= Save Toby =

Website

Toby the rabbit.

Save Toby was a joke website. The premise of the site was that the website's anonymous webmasters would eat Toby, a pet rabbit, unless they received $40000 in donations to care for it. The website also spawned a book, fully titled: Save Toby: Only YOU have the power to save Toby!

== SaveToby.com ==

The website was created near the beginning of 2005. The website claimed that the owner found Toby wounded outside his home, and nursed the rabbit back to health, not believing it would survive. However, it did, and he was unable to afford to care for him. The website then claimed that, unless he received $50,000 in US dollars to pay for its care, he would eat the rabbit. The money could be either donated directly, or through purchasing "Save Toby" merchandise. The website includes several pictures of Toby, as well as many recipes that can be used to prepare and cook rabbit. The webmasters have remained anonymous, claiming they have received death threats. They go by the names "James" and "Brian"; however, "James" admits his name is a pseudonym.
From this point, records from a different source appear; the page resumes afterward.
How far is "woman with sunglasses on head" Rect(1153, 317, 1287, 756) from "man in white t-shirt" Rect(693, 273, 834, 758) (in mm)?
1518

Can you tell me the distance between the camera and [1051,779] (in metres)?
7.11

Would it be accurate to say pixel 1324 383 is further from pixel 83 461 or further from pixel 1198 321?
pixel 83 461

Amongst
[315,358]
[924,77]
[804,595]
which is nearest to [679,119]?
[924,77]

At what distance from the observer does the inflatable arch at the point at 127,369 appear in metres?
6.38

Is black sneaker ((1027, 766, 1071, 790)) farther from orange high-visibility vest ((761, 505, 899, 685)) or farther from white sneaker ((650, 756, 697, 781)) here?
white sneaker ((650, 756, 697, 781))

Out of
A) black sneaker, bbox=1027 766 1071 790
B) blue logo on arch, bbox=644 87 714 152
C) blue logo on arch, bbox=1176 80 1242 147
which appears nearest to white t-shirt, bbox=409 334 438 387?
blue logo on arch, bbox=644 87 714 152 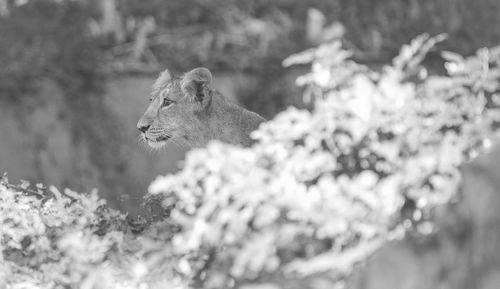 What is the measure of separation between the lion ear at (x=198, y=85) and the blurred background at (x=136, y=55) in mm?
5250

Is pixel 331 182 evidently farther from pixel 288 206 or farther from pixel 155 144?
pixel 155 144

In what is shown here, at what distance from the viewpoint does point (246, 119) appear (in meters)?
8.08

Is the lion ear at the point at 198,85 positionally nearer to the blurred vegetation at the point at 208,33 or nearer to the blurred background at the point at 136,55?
the blurred background at the point at 136,55

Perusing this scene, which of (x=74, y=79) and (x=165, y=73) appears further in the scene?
(x=74, y=79)

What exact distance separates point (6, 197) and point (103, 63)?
927 centimetres

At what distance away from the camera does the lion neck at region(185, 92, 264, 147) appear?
316 inches

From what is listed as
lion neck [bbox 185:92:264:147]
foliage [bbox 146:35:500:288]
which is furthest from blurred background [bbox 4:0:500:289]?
foliage [bbox 146:35:500:288]

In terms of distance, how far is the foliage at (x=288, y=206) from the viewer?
4930mm

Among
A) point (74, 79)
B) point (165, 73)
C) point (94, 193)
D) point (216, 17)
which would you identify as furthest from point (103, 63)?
point (94, 193)

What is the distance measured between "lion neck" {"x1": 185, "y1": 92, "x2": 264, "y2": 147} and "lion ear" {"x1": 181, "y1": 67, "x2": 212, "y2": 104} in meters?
0.06

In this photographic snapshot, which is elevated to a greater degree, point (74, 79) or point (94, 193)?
point (74, 79)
The original deadline for receiving the money was June 30, 2005. When the deadline passed, they extended it to November 6, 2006, claiming that problems with PayPal made it impossible for people to donate money and that it was the only fair thing to do for Toby. It was later changed to Thanksgiving Day, 2006, because of the release of the book. In December 2006, the site announced that humor/games website bored.com had purchased the website, and therefore Toby had been saved. It is claimed that over $24,000 was collected by the website.

== Save Toby: Only YOU have the power to save Toby! ==

The book was released in September 2005. The book made a new threat: if 100,000 copies of the book were not sold, Toby would be eaten at Thanksgiving dinner. The number of copies of the book sold is unknown. The book includes pictures of Toby, and various recipes for cooking rabbit. It also has instructions on how to run a similar site.
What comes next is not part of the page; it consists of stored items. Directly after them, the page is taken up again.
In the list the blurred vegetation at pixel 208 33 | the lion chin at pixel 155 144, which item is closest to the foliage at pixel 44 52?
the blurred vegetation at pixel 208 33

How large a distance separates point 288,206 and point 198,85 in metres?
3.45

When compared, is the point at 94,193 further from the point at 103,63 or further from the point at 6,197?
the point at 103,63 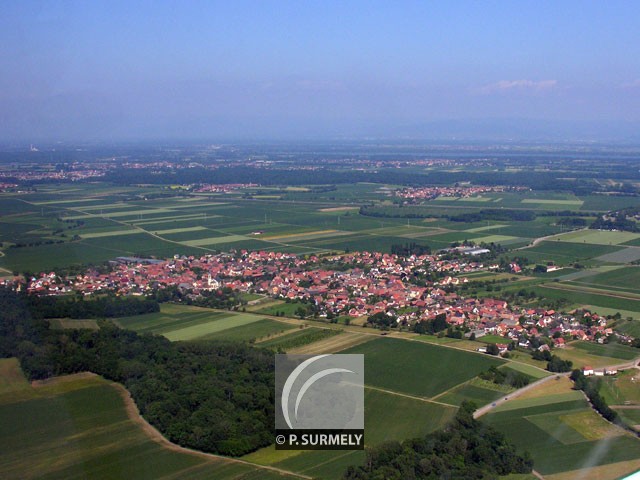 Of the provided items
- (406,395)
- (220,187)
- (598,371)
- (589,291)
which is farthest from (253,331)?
(220,187)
== Public response & legitimacy ==

The cover of the Save Toby book.

The website received media attention throughout the United States and in other countries. Toby was also featured on NBC Nightly News.

The website made many animal rights activists upset, claiming that the owners were engaging in animal cruelty. They attempted to have the site removed; however, the company that hosted the site, Go Daddy, claimed that there was nothing illegal about the site and that "it was perfectly legal to eat a rabbit". PayPal accounts used for donations were often frozen due to complaints about the site.
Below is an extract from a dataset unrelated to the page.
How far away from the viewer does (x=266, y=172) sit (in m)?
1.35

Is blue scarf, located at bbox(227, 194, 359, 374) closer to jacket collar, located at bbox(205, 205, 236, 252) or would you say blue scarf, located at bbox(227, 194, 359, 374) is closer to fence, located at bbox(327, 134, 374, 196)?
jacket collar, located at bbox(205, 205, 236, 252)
There have also been questions about whether or not the site was legitimate. The owners, when asked, claimed that the site was completely serious and they would eat the rabbit. However, the nature of the website suggests it is a hoax or joke, a retelling of older jokes that threaten harm to an animal unless you buy a product (for example, National Lampoon once ran a cover with a gun aimed at a puppy, stating "If You Don't buy This Magazine, We'll Kill This Dog").

There were other similar websites in existence around the same time that threatened to eat a rabbit unless a monetary demand was met. One, Save Bernd!, inspired Save Toby. It demanded a 1,000,000 euro ransom. The site claims that "Bernd is gone", but not that he was eaten. Small letters at the bottom of the page make it clear that "It's a joke".